_Listed entries_
==================================================

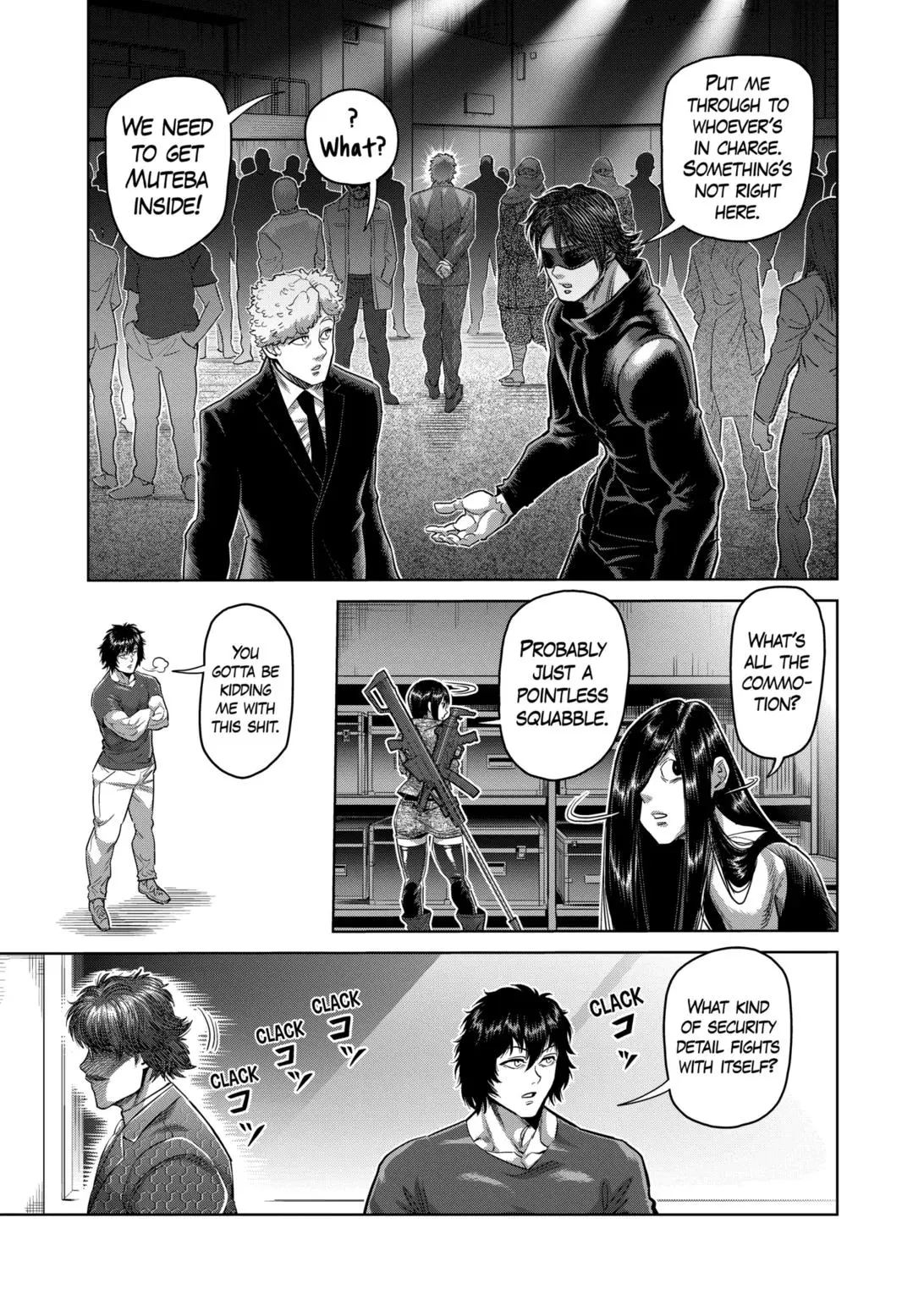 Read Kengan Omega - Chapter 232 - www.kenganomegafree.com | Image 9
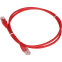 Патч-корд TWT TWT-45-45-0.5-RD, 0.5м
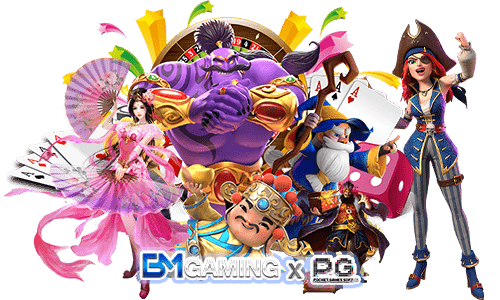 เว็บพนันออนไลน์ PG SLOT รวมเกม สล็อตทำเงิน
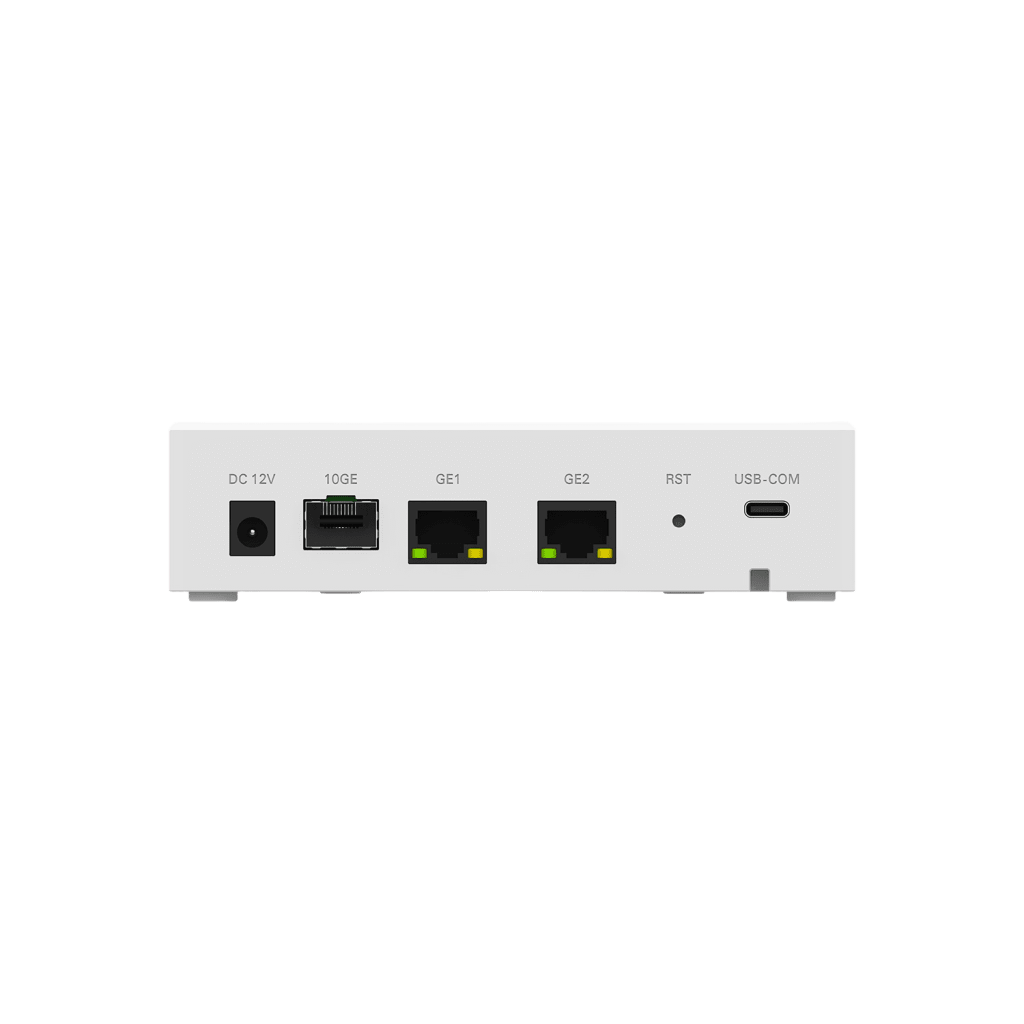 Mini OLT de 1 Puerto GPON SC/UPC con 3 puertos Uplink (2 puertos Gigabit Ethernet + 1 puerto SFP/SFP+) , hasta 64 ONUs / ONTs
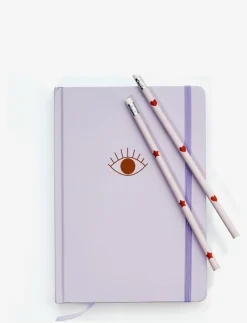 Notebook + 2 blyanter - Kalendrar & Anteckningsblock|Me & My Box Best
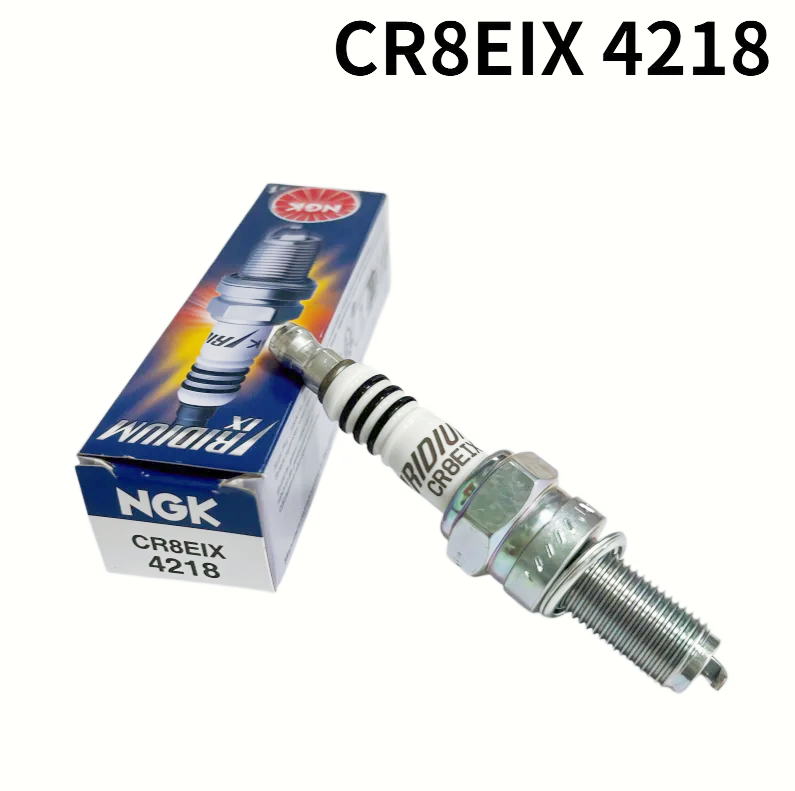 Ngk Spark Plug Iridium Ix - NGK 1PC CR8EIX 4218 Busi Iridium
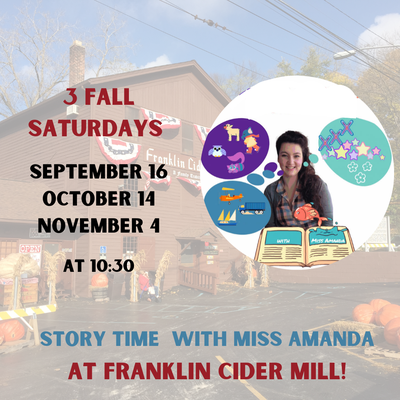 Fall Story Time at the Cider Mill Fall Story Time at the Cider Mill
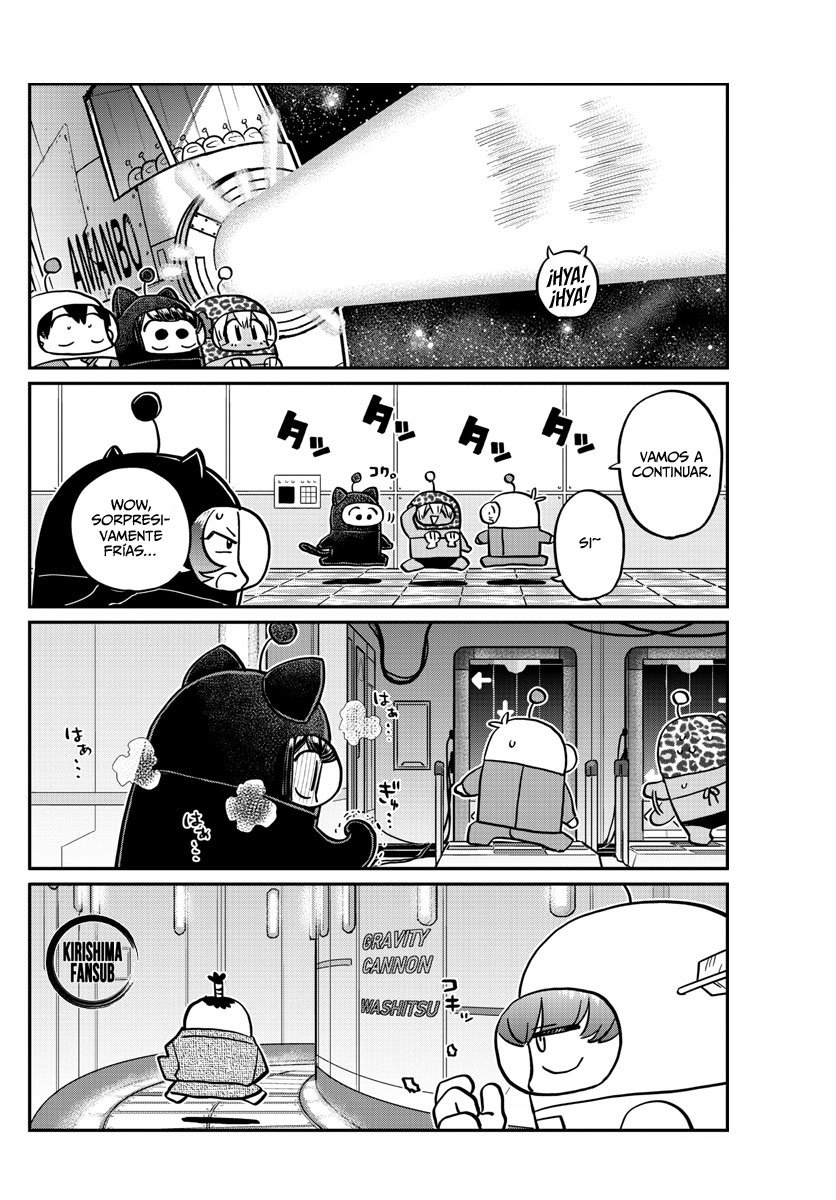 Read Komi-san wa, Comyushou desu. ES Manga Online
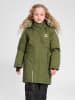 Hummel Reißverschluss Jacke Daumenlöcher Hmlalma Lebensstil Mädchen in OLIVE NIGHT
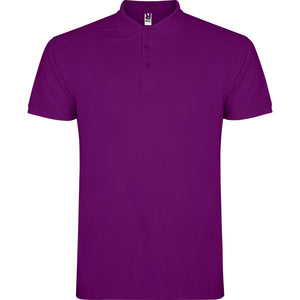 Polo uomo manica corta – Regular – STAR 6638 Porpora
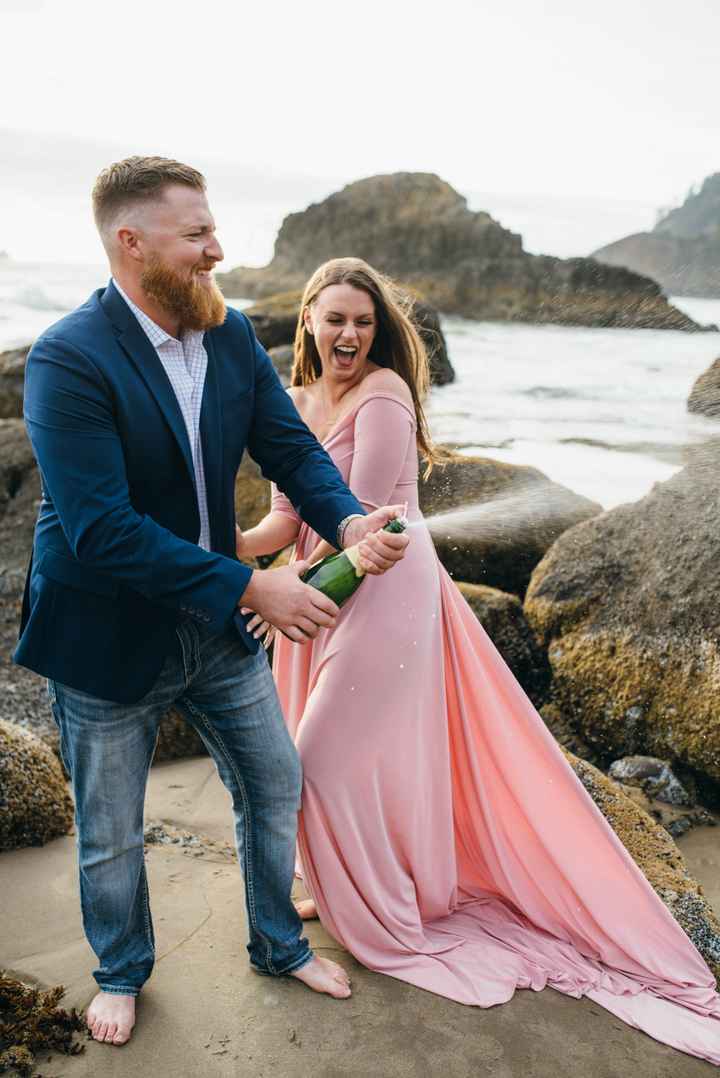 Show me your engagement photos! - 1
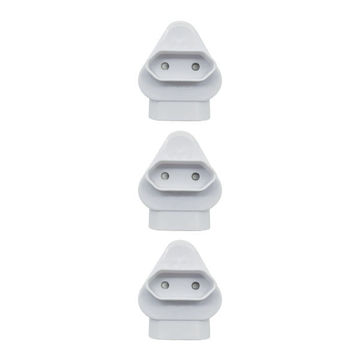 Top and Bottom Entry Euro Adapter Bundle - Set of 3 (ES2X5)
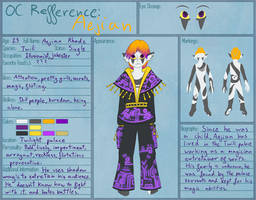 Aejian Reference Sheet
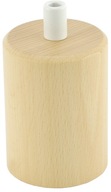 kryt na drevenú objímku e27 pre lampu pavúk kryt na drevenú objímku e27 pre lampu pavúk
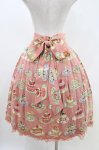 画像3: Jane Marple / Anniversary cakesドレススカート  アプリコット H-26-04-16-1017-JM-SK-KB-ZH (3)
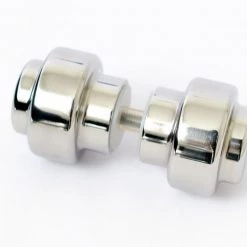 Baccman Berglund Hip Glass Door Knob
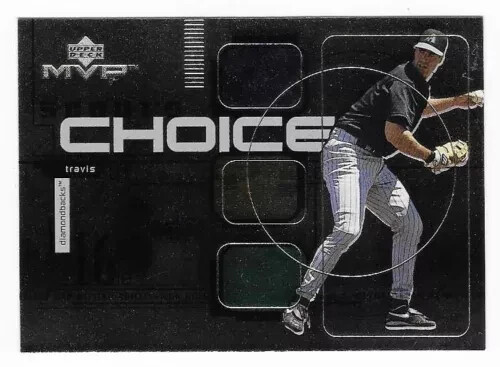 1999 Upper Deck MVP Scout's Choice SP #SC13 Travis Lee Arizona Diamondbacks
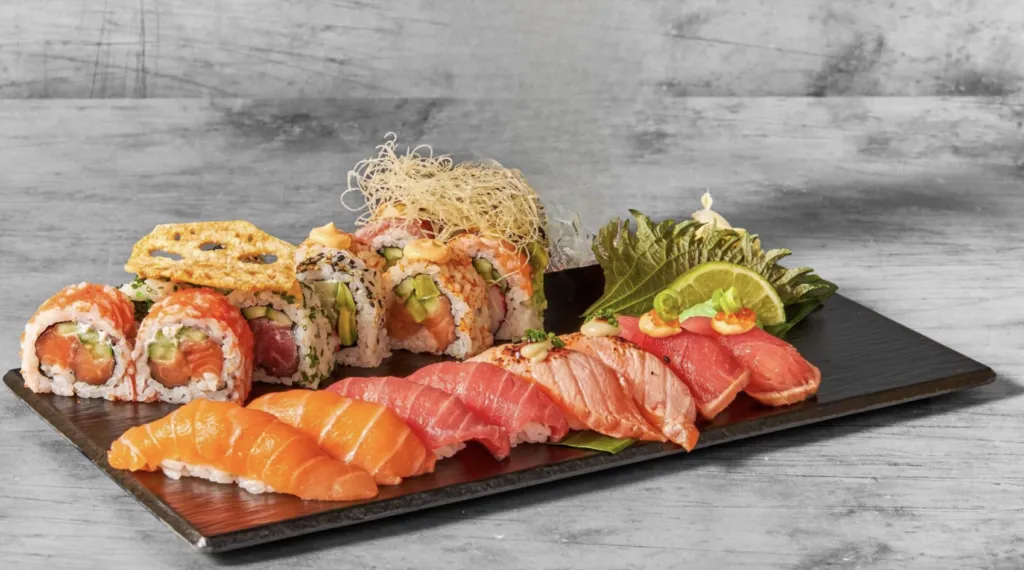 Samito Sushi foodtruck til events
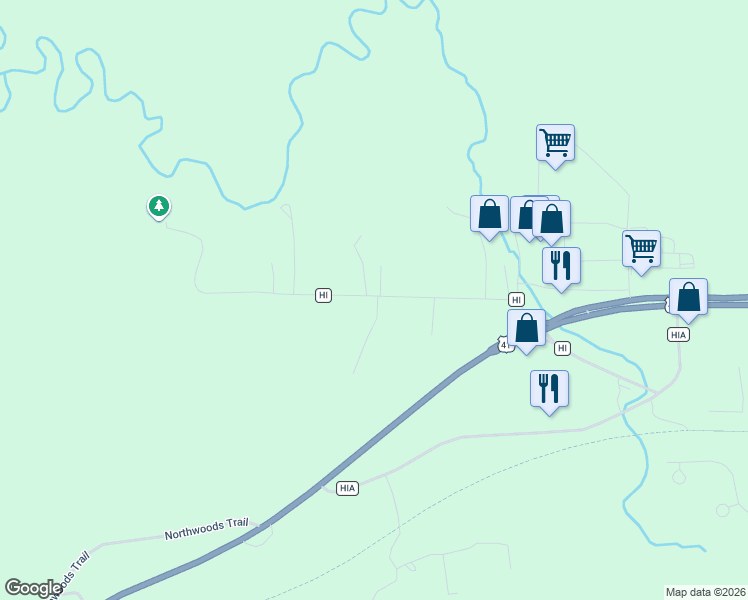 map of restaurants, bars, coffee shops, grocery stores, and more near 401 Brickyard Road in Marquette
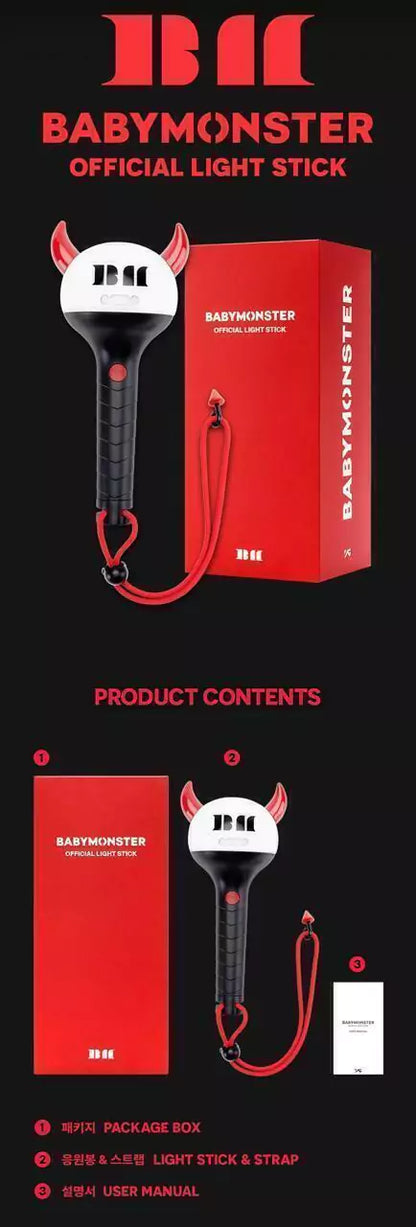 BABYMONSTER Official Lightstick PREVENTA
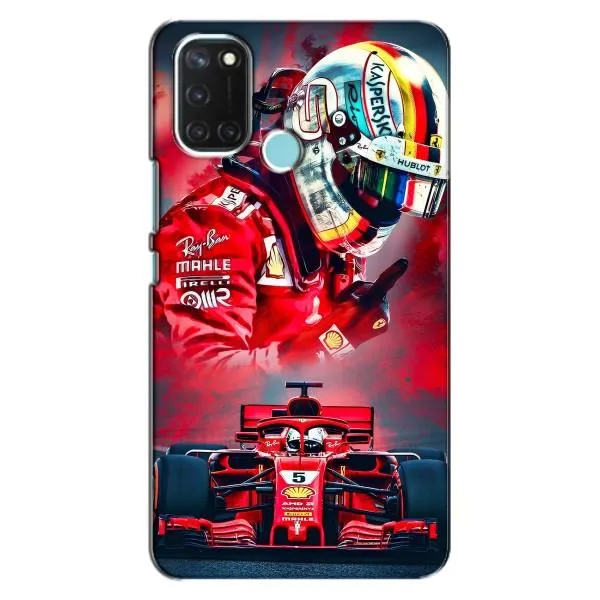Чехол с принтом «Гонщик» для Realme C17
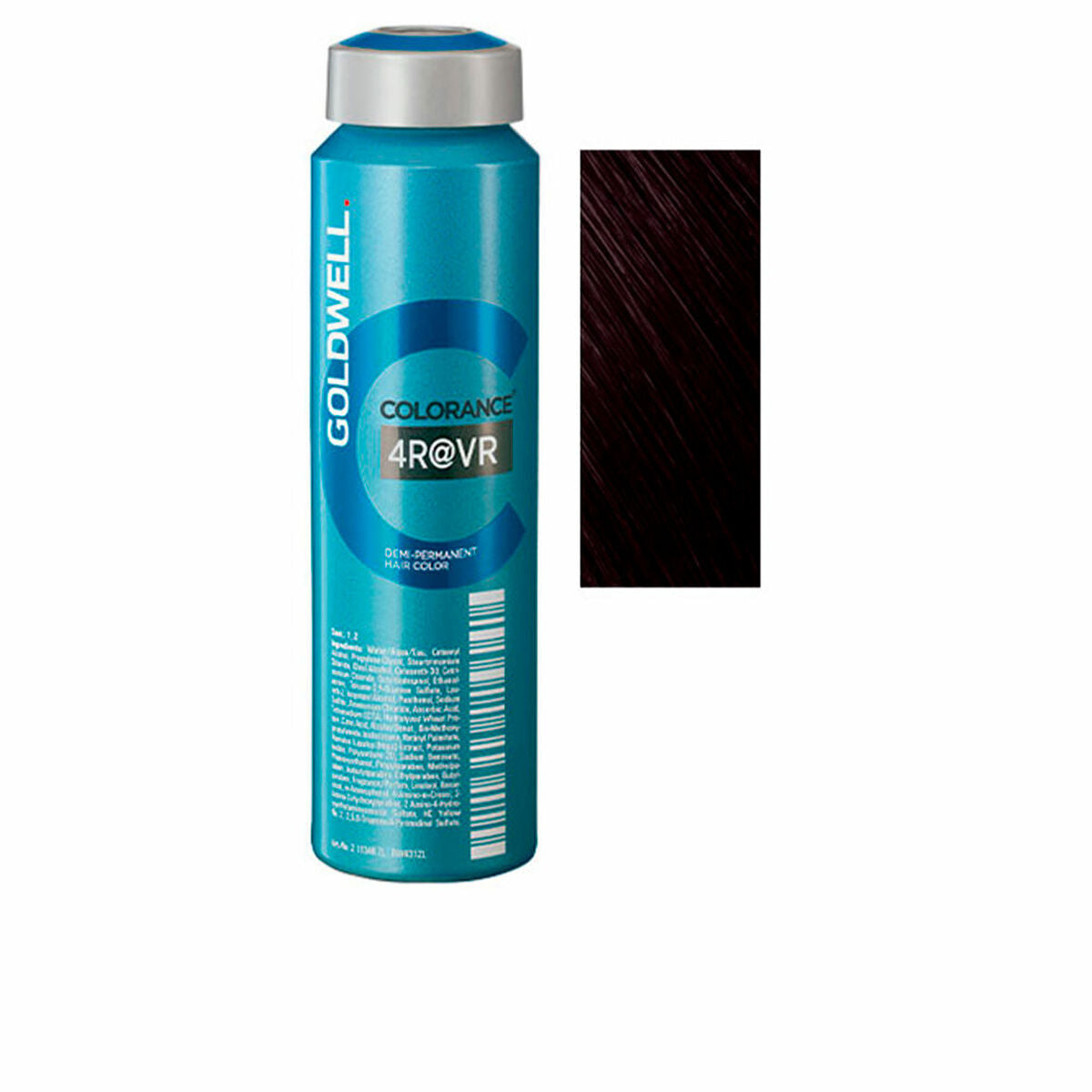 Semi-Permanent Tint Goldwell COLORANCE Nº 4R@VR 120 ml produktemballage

==================================================

_Assigned task_
Could you repeat exactly the lines from the one containing "Show me your engagement photos! - 1" to the last line of the records, both included, and leave out every picture?

_Response to this task_
 Show me your engagement photos! - 1
 Top and Bottom Entry Euro Adapter Bundle - Set of 3 (ES2X5)
 Aejian Reference Sheet
 kryt na drevenú objímku e27 pre lampu pavúk kryt na drevenú objímku e27 pre lampu pavúk
 画像3: Jane Marple / Anniversary cakesドレススカート  アプリコット H-26-04-16-1017-JM-SK-KB-ZH (3)
 Baccman Berglund Hip Glass Door Knob
 1999 Upper Deck MVP Scout's Choice SP #SC13 Travis Lee Arizona Diamondbacks
 Samito Sushi foodtruck til events
 map of restaurants, bars, coffee shops, grocery stores, and more near 401 Brickyard Road in Marquette
 BABYMONSTER Official Lightstick PREVENTA
Чехол с принтом «Гонщик» для Realme C17
 Semi-Permanent Tint Goldwell COLORANCE Nº 4R@VR 120 ml produktemballage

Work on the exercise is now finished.